### Your task:
Copy the records word for word, omitting all pictures.

### Source records:
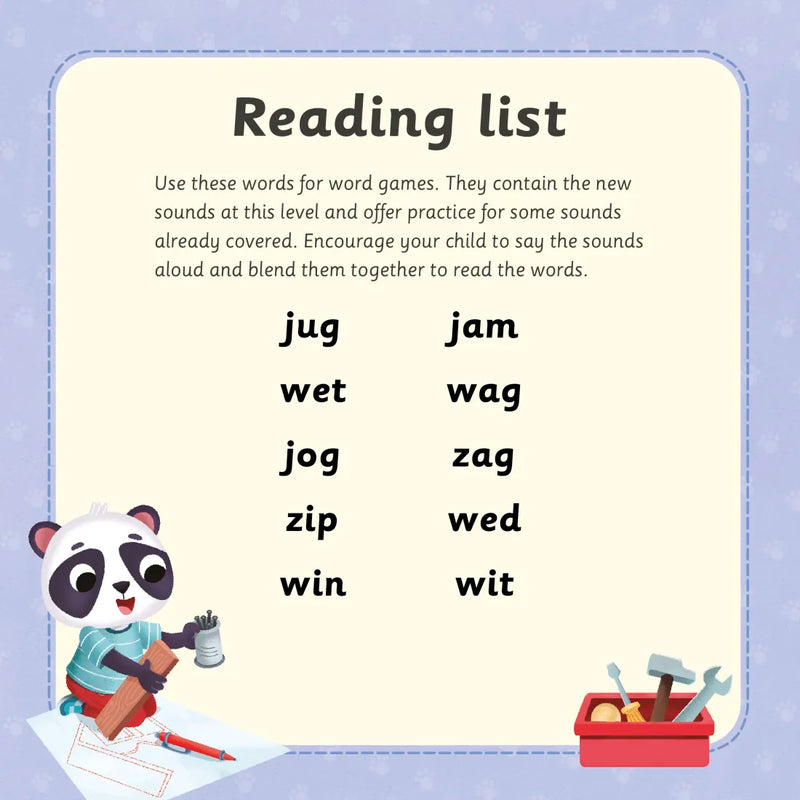 DK Super Phonics My First Decodable Stories Pet Shop Panda US - Multiple-component retail product, boxed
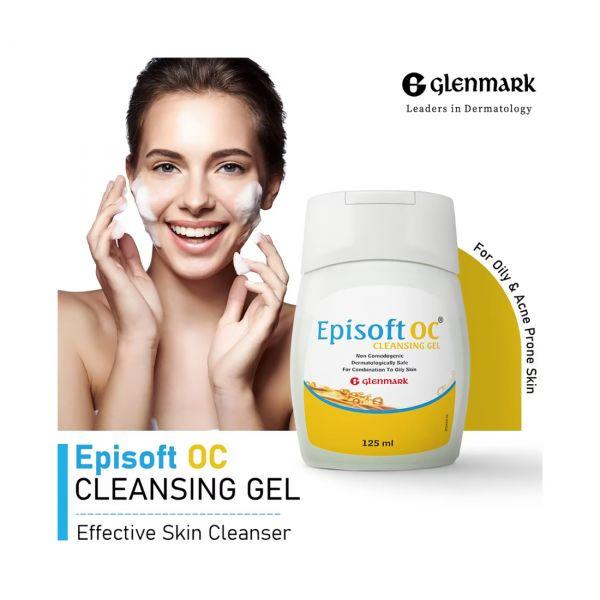 Episoft OC Cleansing Gel, 125ml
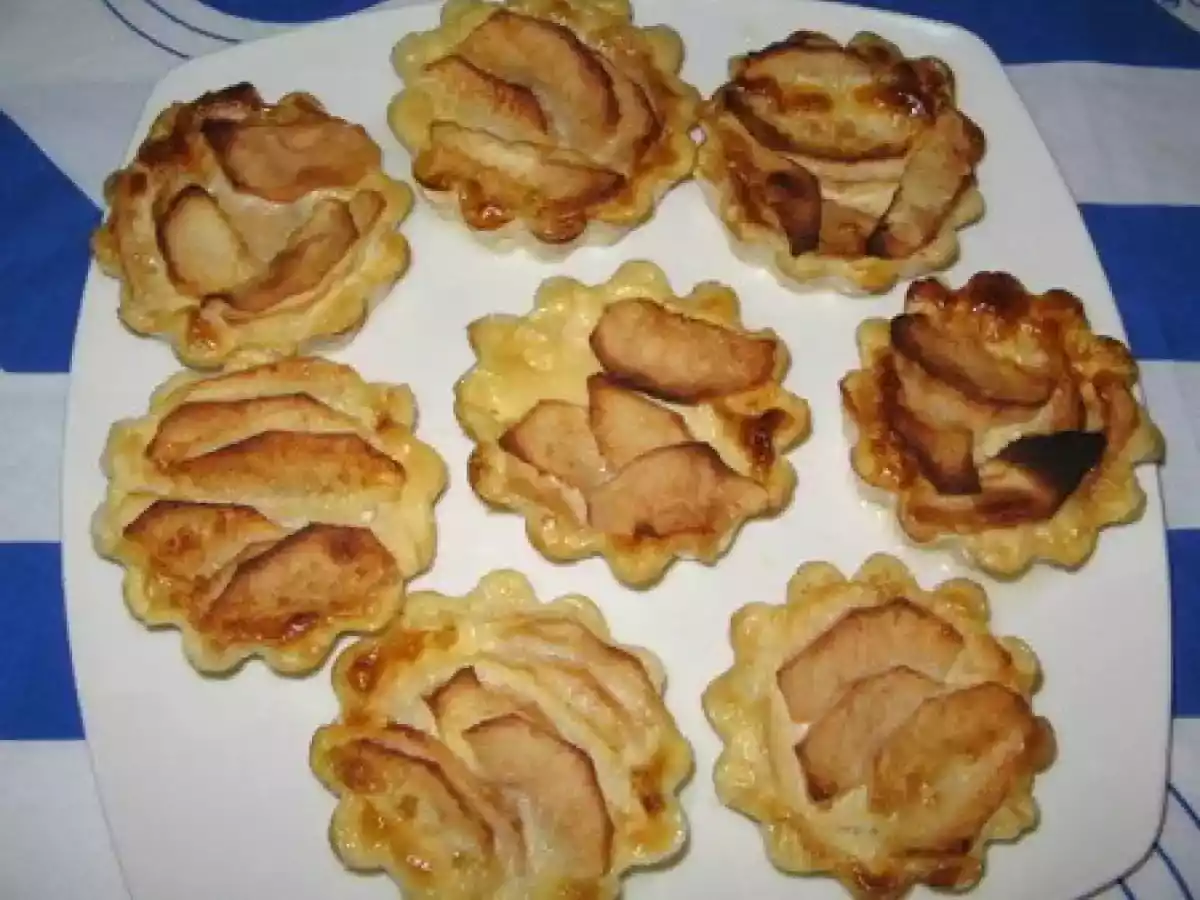 Flan aux pommes light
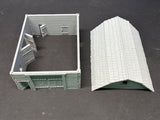 EA-COL: Colonial Barn 1 (gable roof style)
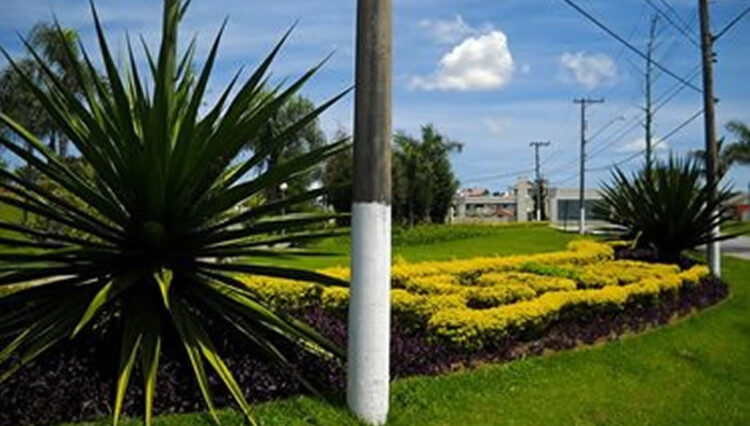 Rotatória Aruã Ecopark Lagos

### Solved exercise:
 DK Super Phonics My First Decodable Stories Pet Shop Panda US - Multiple-component retail product, boxed
 Episoft OC Cleansing Gel, 125ml
 Flan aux pommes light
 EA-COL: Colonial Barn 1 (gable roof style)
 Rotatória Aruã Ecopark Lagos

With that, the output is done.